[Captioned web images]
>>>>>

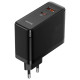 Baseus GaN5 Pro fast universal wall charger GaN USB Type C / USB 100W PD3.0, QC4.0+, AFC black (CCGP090201)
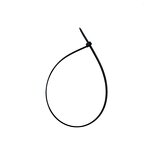 Cable Zip Ties Manufacturer - 2.5x100mm Pack of 100 Pcs 4 Inch Black or White Nylon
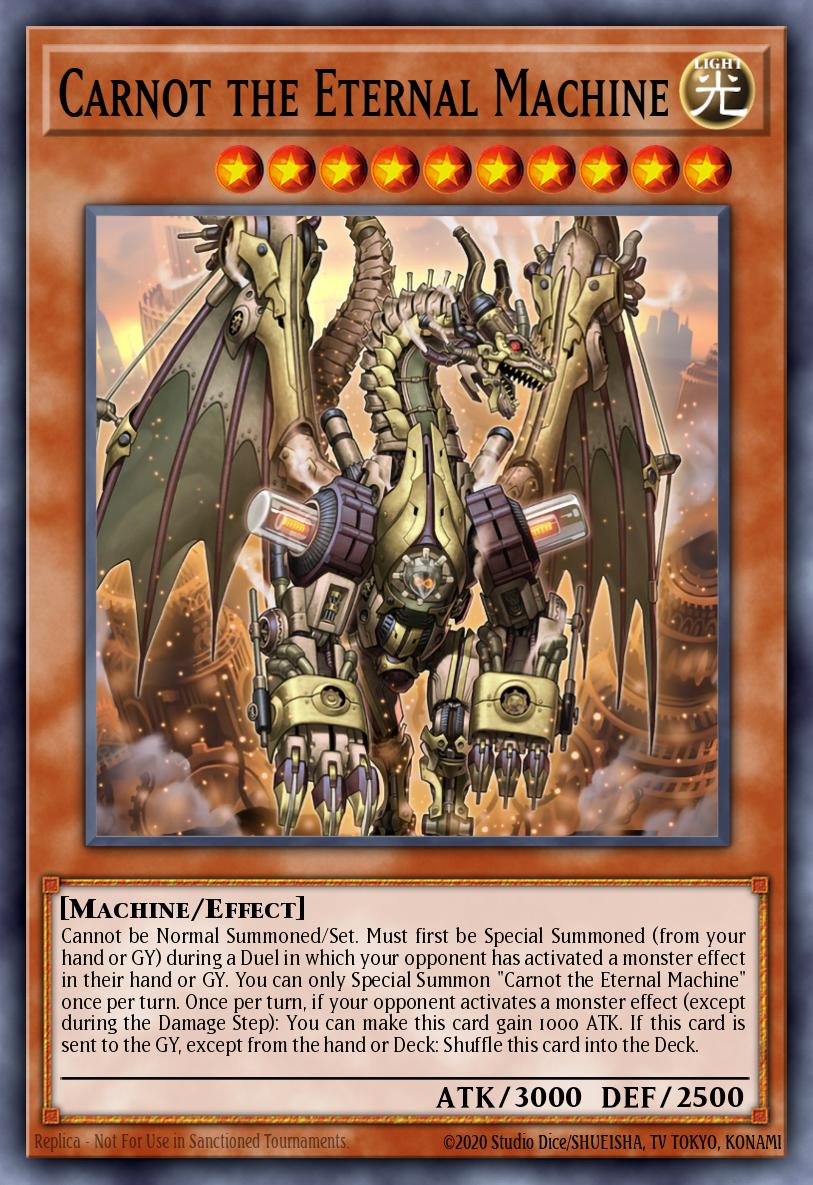 Card image of: Carnot the Eternal Machine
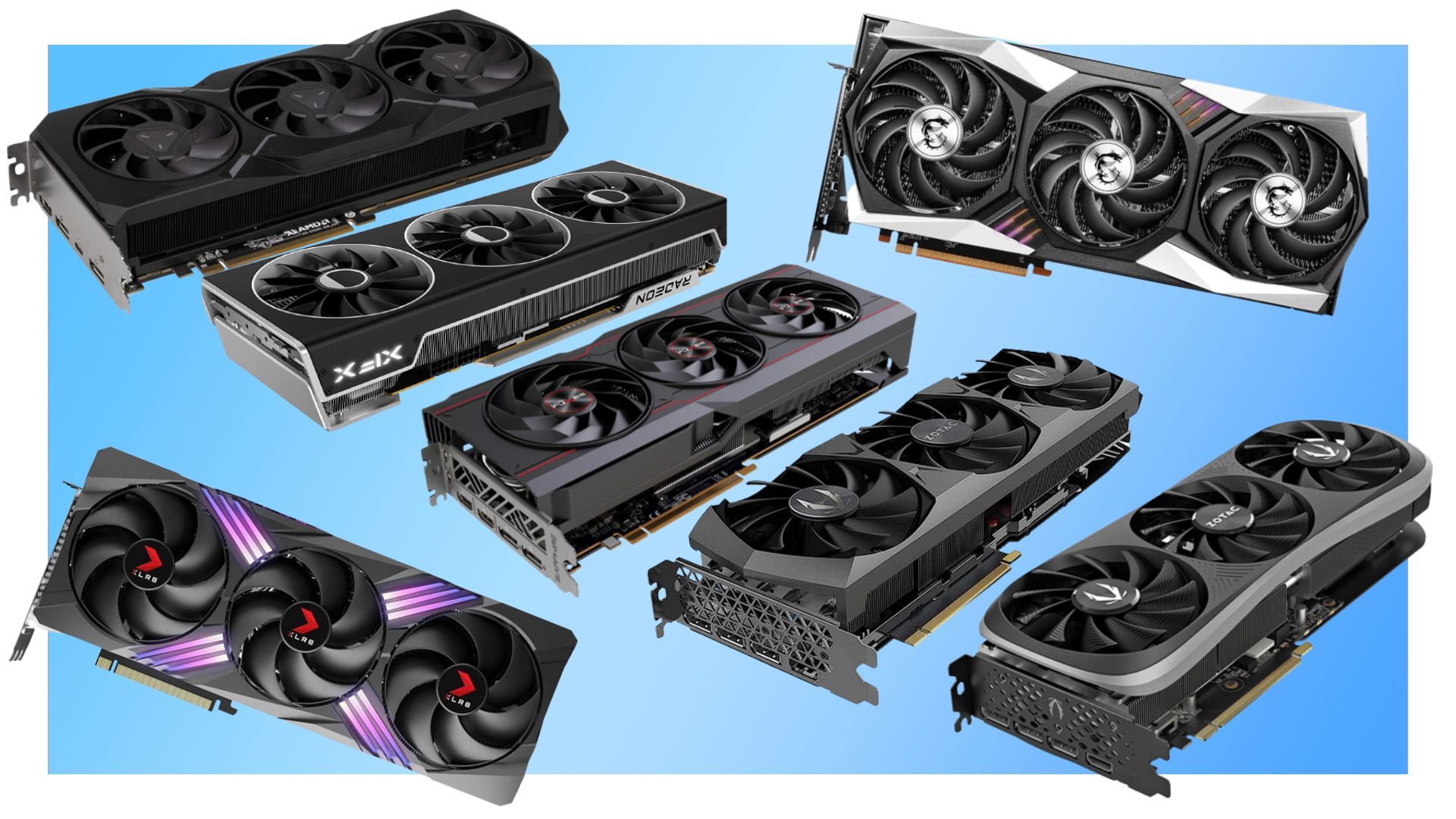 GPU price tracking 2026 — Lowest price on every graphics card ...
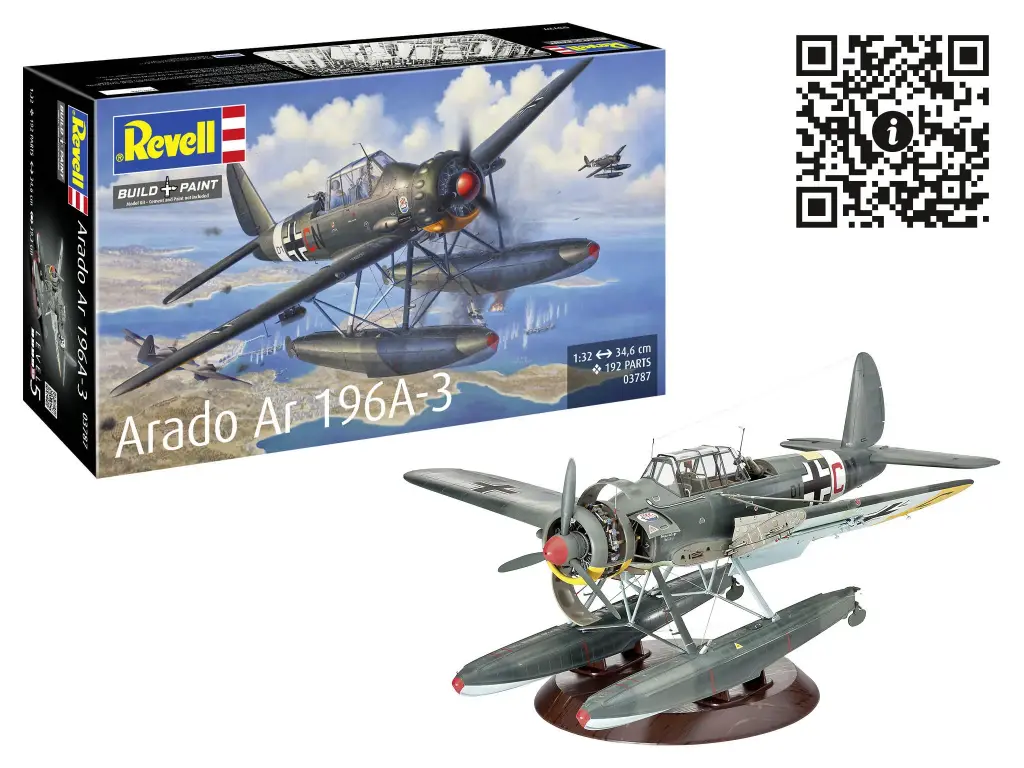 Revell : Arado Ar196A-3 Seaplane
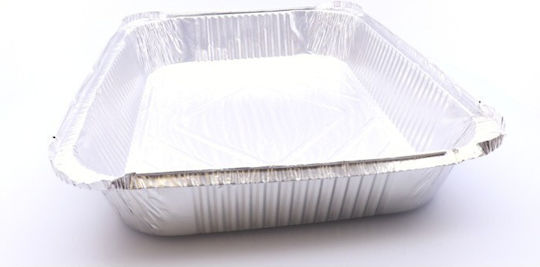 Aluminum Container Rectangle Νο 131 (50pcs)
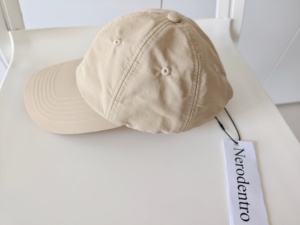 Gorra de Béisbol de Color Sólido Nerodentro, Ligera, Transpirable, Protección Solar para Hombres y Mujeres, Ajustable, Deportiva, Casual, para Golf - Product Image 3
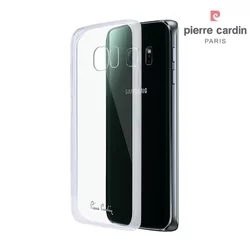 Telefontok Samsung Galaxy S6 Edge - G925   -Pierre Cardin Szilikon Tok  Átlátszó (8719273213469)-2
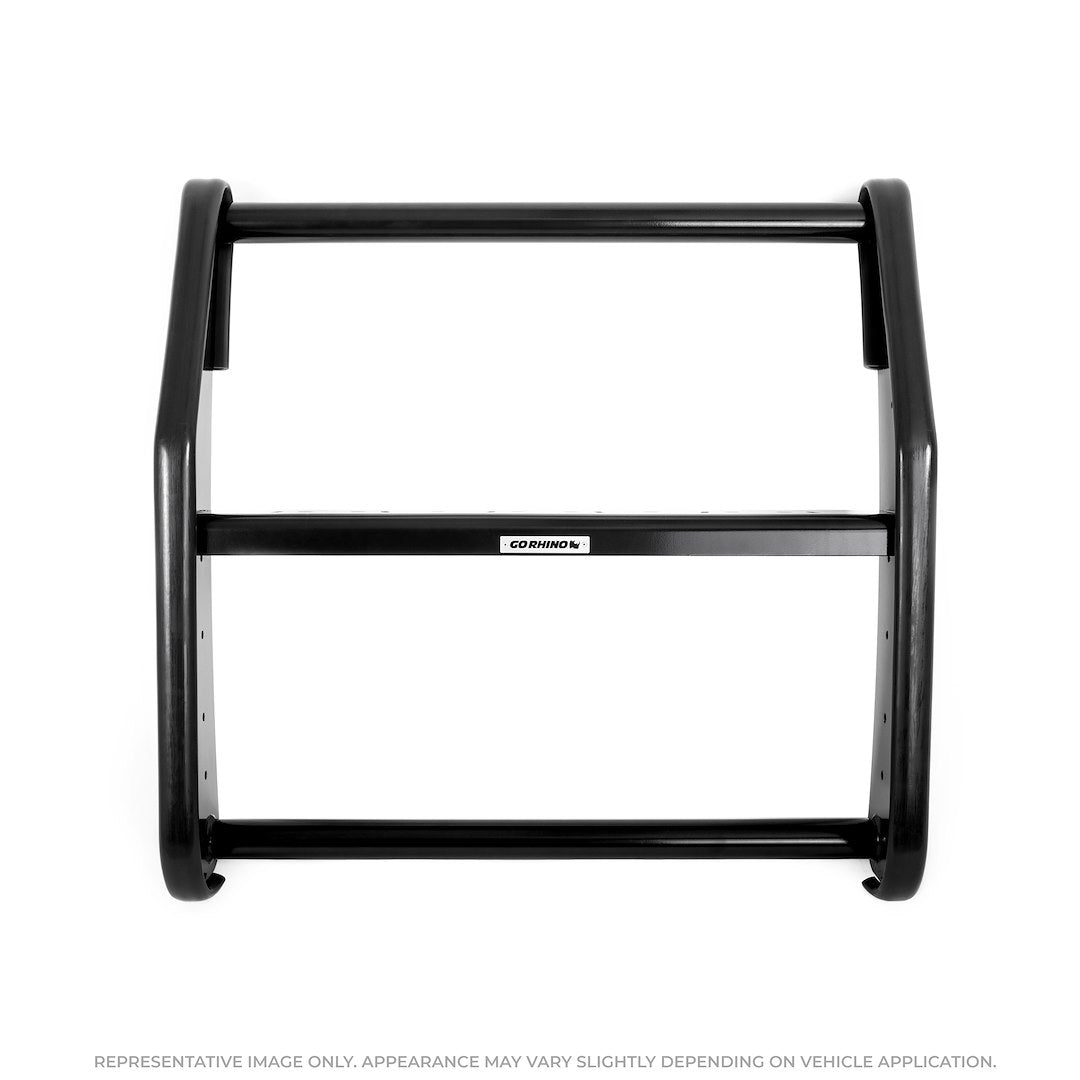 Product of Go Rhino Safety Division 5038 Black Steel Bumper Push Bar No 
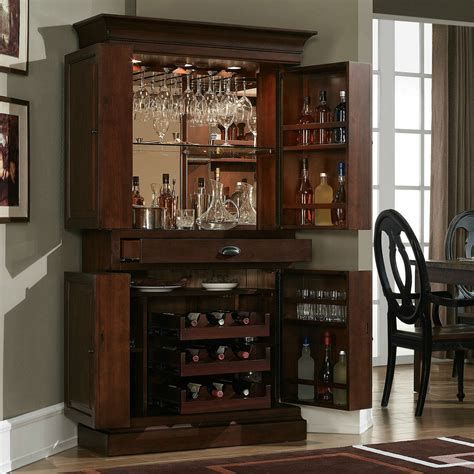 Gorgeous Small Corner Wine Cabinet Ideas For Home Look More Beautiful 07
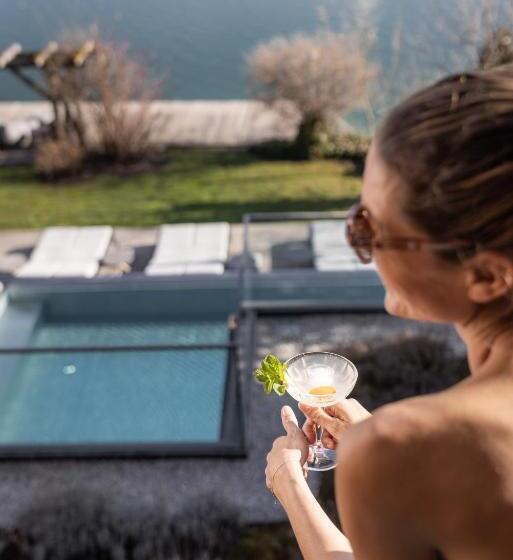 호텔 Seevilla Wolfgangsee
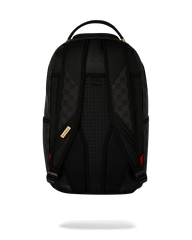 LIGHTS OUT SHARKS IN PARIS CHENILLE SHARK BACKPACK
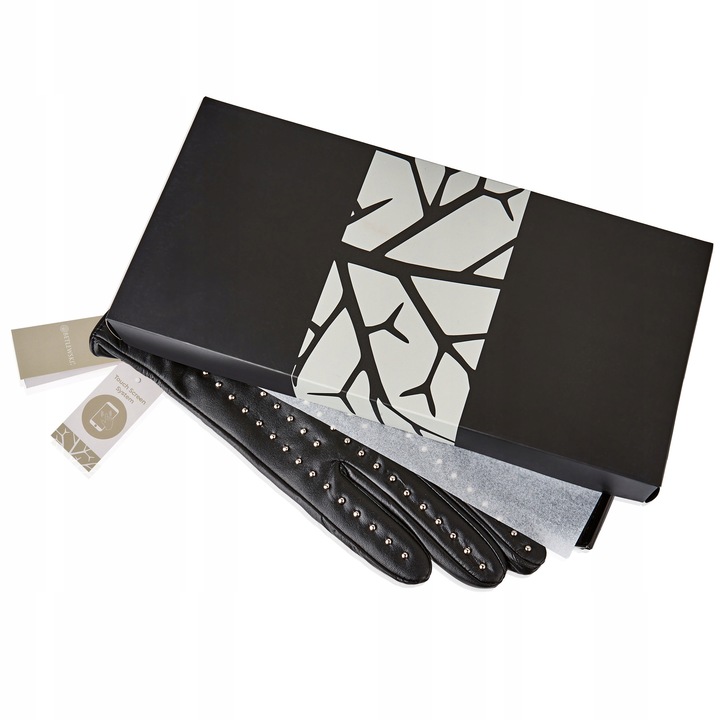 Betlewski Damskie rękawiczki zimowe dotykowe XL wygodne modne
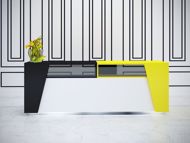 Austin Modern Reception Desk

<<<<<

▶ **Your assignment**
Write out every entry above exactly, minus the pictures.

▶ **Answer to this exercise**
 Baseus GaN5 Pro fast universal wall charger GaN USB Type C / USB 100W PD3.0, QC4.0+, AFC black (CCGP090201)
 Cable Zip Ties Manufacturer - 2.5x100mm Pack of 100 Pcs 4 Inch Black or White Nylon
 Card image of: Carnot the Eternal Machine
 GPU price tracking 2026 — Lowest price on every graphics card ...
 Revell : Arado Ar196A-3 Seaplane
 Aluminum Container Rectangle Νο 131 (50pcs)
 Gorra de Béisbol de Color Sólido Nerodentro, Ligera, Transpirable, Protección Solar para Hombres y Mujeres, Ajustable, Deportiva, Casual, para Golf - Product Image 3
 Telefontok Samsung Galaxy S6 Edge - G925   -Pierre Cardin Szilikon Tok  Átlátszó (8719273213469)-2
 Product of Go Rhino Safety Division 5038 Black Steel Bumper Push Bar No 
 Gorgeous Small Corner Wine Cabinet Ideas For Home Look More Beautiful 07
 호텔 Seevilla Wolfgangsee
 LIGHTS OUT SHARKS IN PARIS CHENILLE SHARK BACKPACK
 Betlewski Damskie rękawiczki zimowe dotykowe XL wygodne modne
 Austin Modern Reception Desk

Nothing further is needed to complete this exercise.